The Missouri Supreme Court ruled on July 12 that a group of former car owners remain bound by an agreement to arbitrate their claims against a loan servicer even as they are being sued in court for what they still owe on their cars.
In a unanimous opinion encompassing two nearly identical cases, the court overruled cases by the Court of Appeals that had read sales agreements and the arbitration agreements they included as separate contracts, with each required to offer separate consideration to the parties. That approach, Judge W. Brent Powell wrote, “would contravene the often-repeated mandate that agreements to arbitrate must be governed by the same rules as apply generally in contract law.”
“Specifically, such a holding would violate the black letter law that a court cannot go line by line ensuring each promise is counterbalanced,” he wrote.
The cases at issue involved two cars that were repossessed after the owners — Kelly Donaldson and Robert Haulcy in one case, and Christopher Jones in the other —allegedly failed to make multiple payments.
Bridgecrest Acceptance Corporation, which was assigned the cars’ contracts after the sales, sued the buyers in St. Louis County Circuit Court to collect the remaining value of the vehicles after they were resold. When the defendants filed class-action counterclaims that Bridgecrest had violated consumer-protection laws, the company sought to compel arbitration.
The circuit court declined to enforce the agreements and the Court of Appeals Eastern District affirmed. In amicus briefs filed in the Supreme Court, the U.S. and Missouri Chambers of Commerce and several other business and lending groups said the Eastern District opinion, though unpublished, had created “significant uncertainty.”
The Supreme Court reached the opposite conclusion as the Eastern District did in its earlier opinion, which was wiped out when the high court accepted the case on transfer. Although the Supreme Court has said in prior cases that arbitration agreements can be enforceable even if the contract to which it relates is not, Powell said that rule is “irrelevant when a party challenges the embedded arbitration agreement itself, rather than the viability of the larger contract.”
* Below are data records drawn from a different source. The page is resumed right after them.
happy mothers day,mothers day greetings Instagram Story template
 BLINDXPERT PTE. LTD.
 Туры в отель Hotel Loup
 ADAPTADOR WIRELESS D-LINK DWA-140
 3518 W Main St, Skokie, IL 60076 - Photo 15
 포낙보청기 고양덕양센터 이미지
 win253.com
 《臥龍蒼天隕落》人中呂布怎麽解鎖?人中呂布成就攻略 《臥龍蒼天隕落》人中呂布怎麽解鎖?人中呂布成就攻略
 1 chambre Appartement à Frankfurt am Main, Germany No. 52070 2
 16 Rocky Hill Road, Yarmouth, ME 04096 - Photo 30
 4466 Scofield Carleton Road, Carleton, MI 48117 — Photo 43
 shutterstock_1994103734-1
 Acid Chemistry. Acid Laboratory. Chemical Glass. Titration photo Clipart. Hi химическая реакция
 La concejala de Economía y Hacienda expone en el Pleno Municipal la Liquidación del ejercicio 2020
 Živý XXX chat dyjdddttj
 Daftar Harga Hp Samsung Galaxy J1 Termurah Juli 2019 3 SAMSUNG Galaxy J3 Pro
Because the overall contract and the arbitration agreement are part of the same transaction, “if the consideration given in exchange for the installment contract was adequate, it likewise supported the arbitration agreement,” Powell wrote.
In a footnote, he also said a 2020 Eastern District case, Caldwell v. UniFirst Corp., “appears to contradict this rule” and should no longer be followed. According to court records, the Eastern District originally ruled on the case in 2018, but the Supreme Court ordered it to be reconsidered in light of a different precedent. On rehearing, the case was heard by a three-judge panel that included Judge Robin Ransom, who has since been appointed to the Missouri Supreme Court and joined the opinion that overturned her earlier case. The Supreme Court had been asked to review the second Caldwell case, but the court declined the request without comment.
In Caldwell, the appellate court had held that there wasn’t adequate consideration to support the arbitration clause because the agreement allowed the company to sue the plaintiff in court while forcing Caldwell to arbitrate his claims. The Supreme Court has previously struck down other arbitration agreements on similar grounds. But the cases against Bridgecrest were different, Powell said, because the consumers retained the right to seek injunctive relief and were not “wholly constrained” to contesting the company via arbitration.
David Helms of GM Law, an attorney for Bridgecrest, said in an interview that his client’s arbitration agreement was totally unlike the one-sided contracts the court had previously struck down and that the ruling would increase predictability in the law.
Jesse Rochman of OnderLaw, an attorney for the consumers, couldn’t be reached for comment.
The cases are Bridgecrest Acceptance Corporation v. Donaldson, SC99269, and Bridgecrest Acceptance Corporation v. Jones, SC99270.